Infix method. Similar as prefix method, but with one more twist - gaps at query end and start are not penalized. What that means is that deleting elements from the start and end of second sequence is "free"! For example, if we had ACT and CGACTGAC, edit distance would be 0, because removing CG from the start and GAC from the end of second sequence is "free" and does not count into total edit distance. This method is appropriate when you want to find out how well first sequence fits at any part of second sequence. For example, if your second sequence was a long text and your first sequence was a sentence from that text, but slightly scrambled, you could use this method to discover how scrambled it is and where it fits in that text. In bioinformatics, this method is appropriate for aligning read to a sequence.

§ EdlibAlignTask

Alignment tasks - what do you want Edlib to do?

Enumerator
EDLIB_TASK_DISTANCE 

Find edit distance and end locations.

EDLIB_TASK_LOC 

Find edit distance, end locations and start locations.

EDLIB_TASK_PATH 

Find edit distance, end locations and start locations and alignment path.

§ EdlibCigarFormat

Describes cigar format.

See also
http://samtools.github.io/hts-specs/SAMv1.pdf
http://drive5.com/usearch/manual/cigar.html
Enumerator
EDLIB_CIGAR_STANDARD 

Match: 'M', Insertion: 'I', Deletion: 'D', Mismatch: 'M'.

EDLIB_CIGAR_EXTENDED 

Match: '=', Insertion: 'I', Deletion: 'D', Mismatch: 'X'.

Function Documentation

§ edlibAlign()

EdlibAlignResult edlibAlign ( const char *  query,
int  queryLength,
const char *  target,
int  targetLength,
const EdlibAlignConfig  config 
)

Aligns two sequences (query and target) using edit distance (levenshtein distance). Through config parameter, this function supports different alignment methods (global, prefix, infix), as well as different modes of search (tasks). It always returns edit distance and end locations of optimal alignment in target. It optionally returns start locations of optimal alignment in target and alignment path, if you choose appropriate tasks.

Parameters
[in]queryFirst sequence. Character codes should be in range [0, 127].
[in]queryLengthNumber of characters in first sequence.
[in]targetSecond sequence. Character codes should be in range [0, 127].
[in]targetLengthNumber of characters in second sequence.
[in]configAdditional alignment parameters, like alignment method and wanted results.
Returns
Result of alignment, which can contain edit distance, start and end locations and alignment path. Make sure to clean up the object using edlibFreeAlignResult() or by manually freeing needed members.

§ edlibAlignmentToCigar()

char* edlibAlignmentToCigar ( const unsigned char *  alignment,
int  alignmentLength,
EdlibCigarFormat  cigarFormat 
)

Builds cigar string from given alignment sequence.

Parameters
[in]alignmentAlignment sequence. 0 stands for match. 1 stands for insertion to target. 2 stands for insertion to query. 3 stands for mismatch.
[in]alignmentLength
[in]cigarFormatCigar will be returned in specified format.
Returns
Cigar string. I stands for insertion. D stands for deletion. X stands for mismatch. (used only in extended format) = stands for match. (used only in extended format) M stands for (mis)match. (used only in standard format) String is null terminated. Needed memory is allocated and given pointer is set to it. Do not forget to free it later using free()!

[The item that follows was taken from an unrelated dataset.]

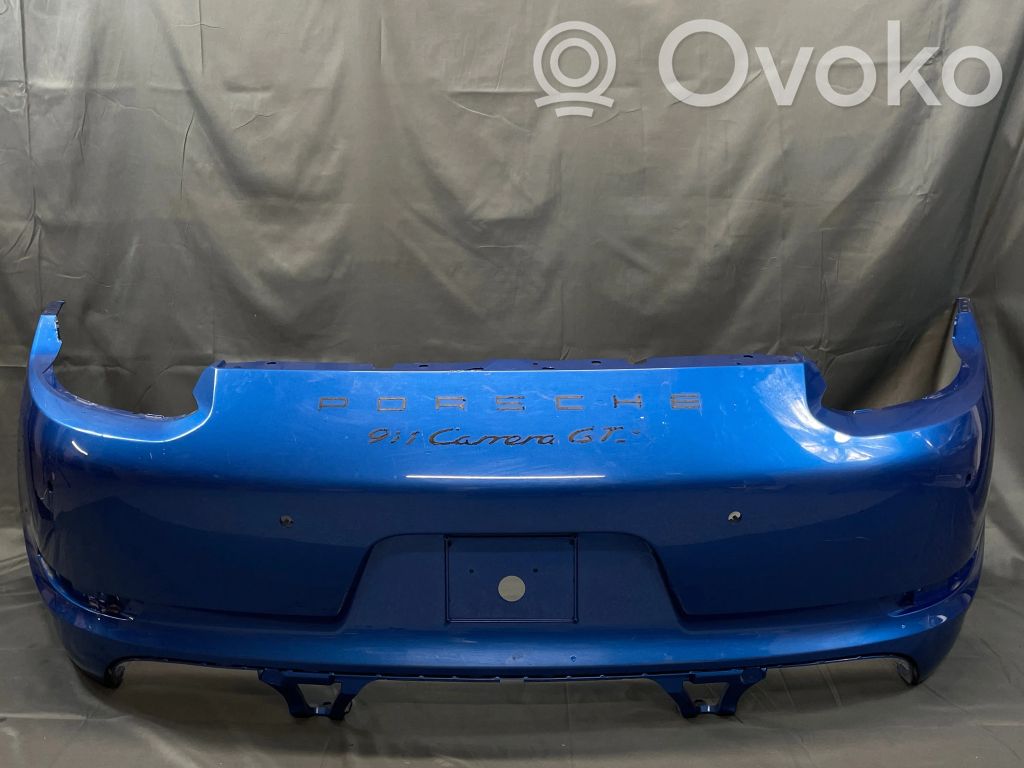 Porsche 911 997 Parachoques 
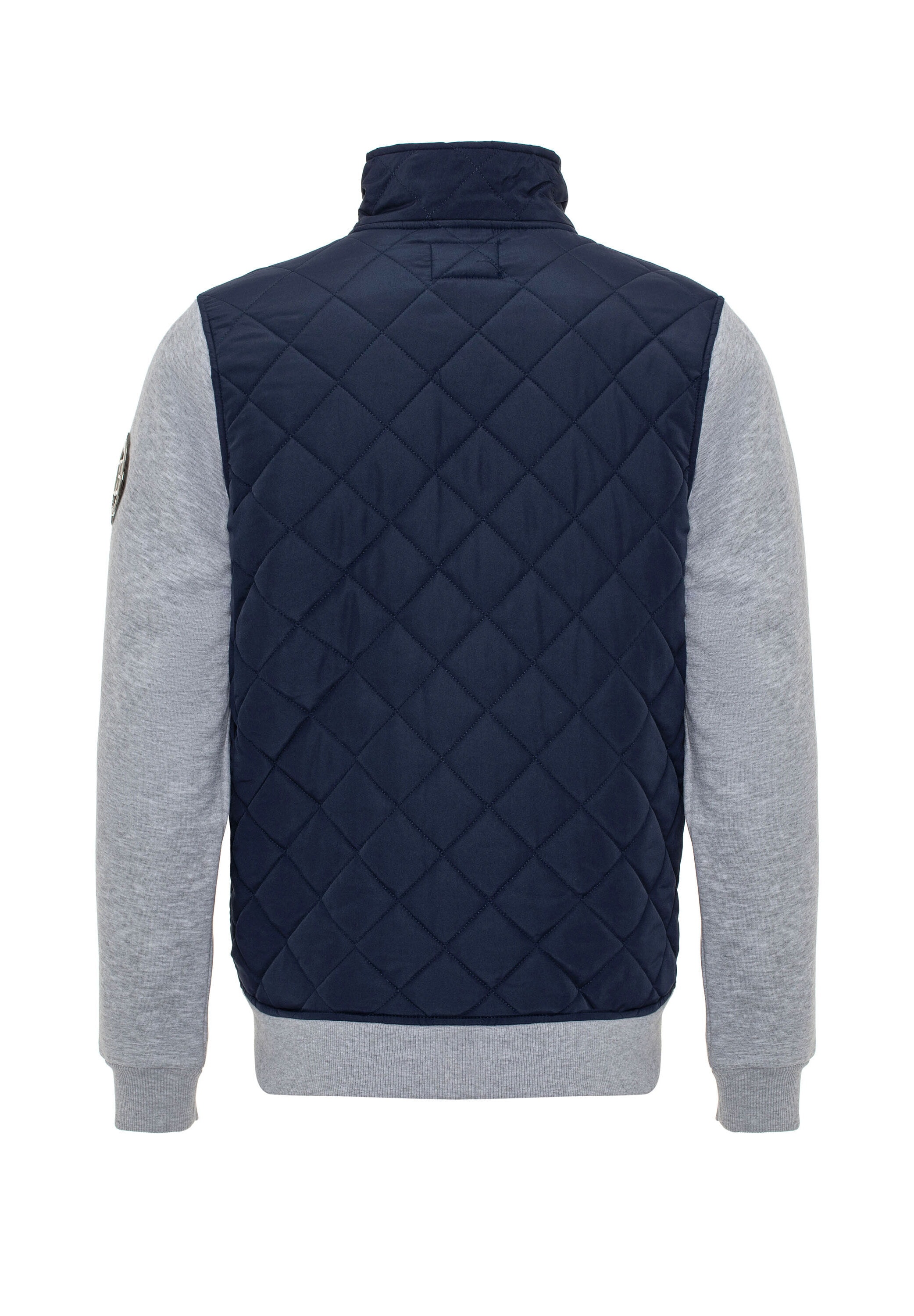 Cipo & Baxx Winterjacke »Cipo & Baxx Jacke« ohne Kapuze mit Sweatärmeln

§ edlibDefaultAlignConfig()

EdlibAlignConfig edlibDefaultAlignConfig ( void  )
Returns
Default configuration object, with following defaults: k = -1, mode = EDLIB_MODE_NW, task = EDLIB_TASK_DISTANCE.

§ edlibFreeAlignResult()

void edlibFreeAlignResult ( EdlibAlignResult  result)

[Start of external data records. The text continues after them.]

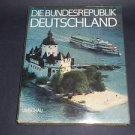 Die Bundesrepublik Deutschland, German Photography (1980 Vintage Hardcover Book)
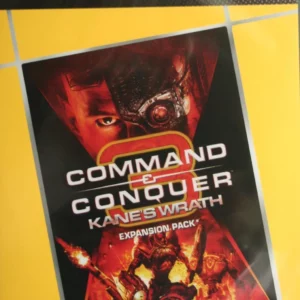 Command & Conquer 3: Kane's Wrath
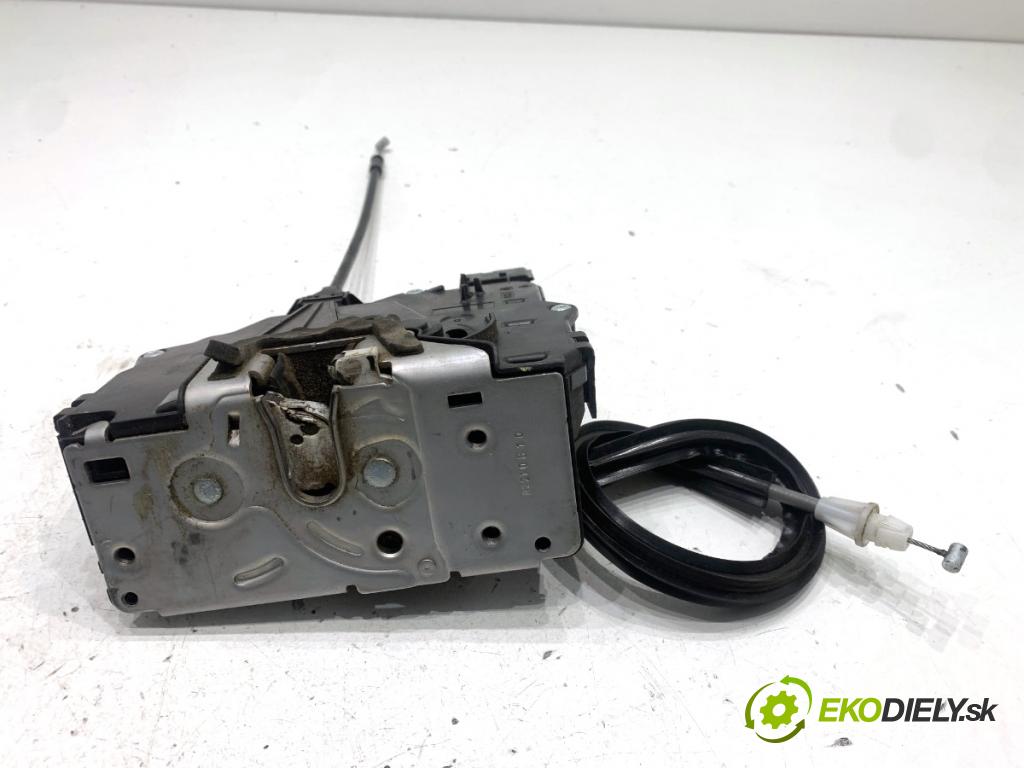 PEUGEOT BOXER II Skrzynia 2022 103 kW 2.2 BlueHDi 140 2179 zámok dveře zadní část 1440583680 (Zámek)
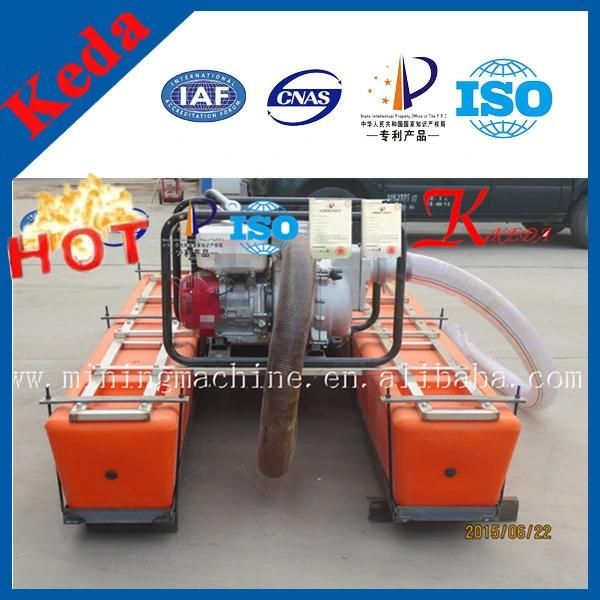 Mini Gold Dredger, Suction Gold Dredger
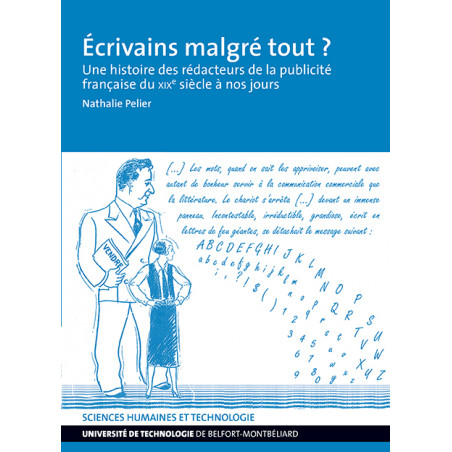 Livre broché : Écrivains malgré tout ?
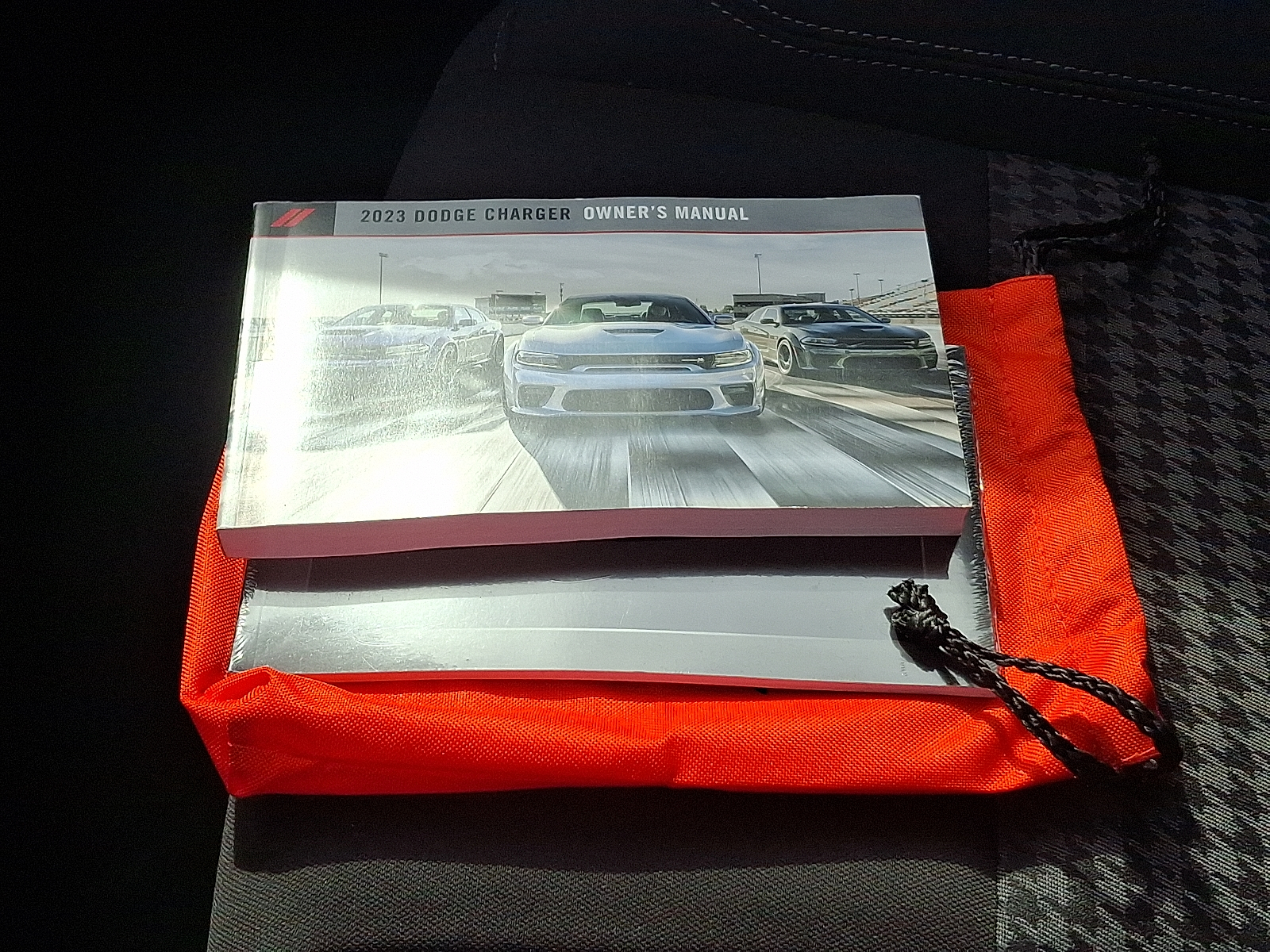 2023 Dodge Charger SXT Image 26 of 29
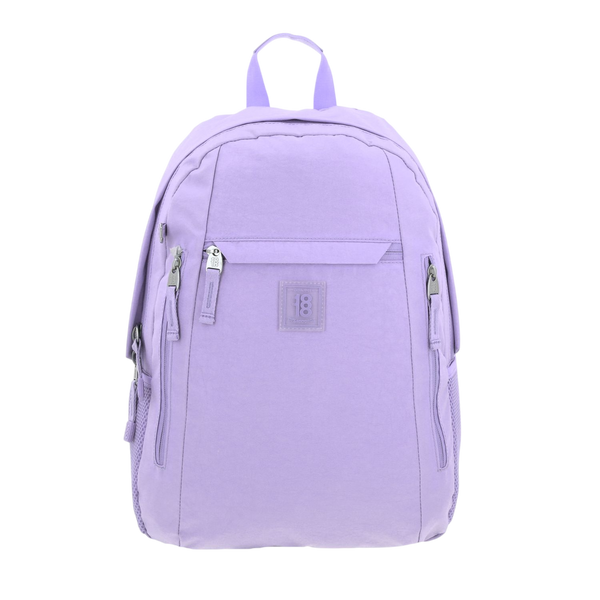 Mochila escolar juvenil 1818 violeta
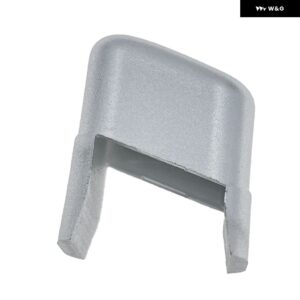 ALFA ROMEO 147 156 GT ハンドブレーキスイッチ ハンドブレーキ レバー プッシュ ボタン - Satin Chrome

Frees memory in EdlibAlignResult that was allocated by edlib. If you do not use it, make sure to free needed members manually using free().

§ edlibNewAlignConfig()

EdlibAlignConfig edlibNewAlignConfig ( int  k,
EdlibAlignMode  mode,
EdlibAlignTask  task 
)

Helper method for easy construction of configuration object.

Returns
Configuration object filled with given parameters.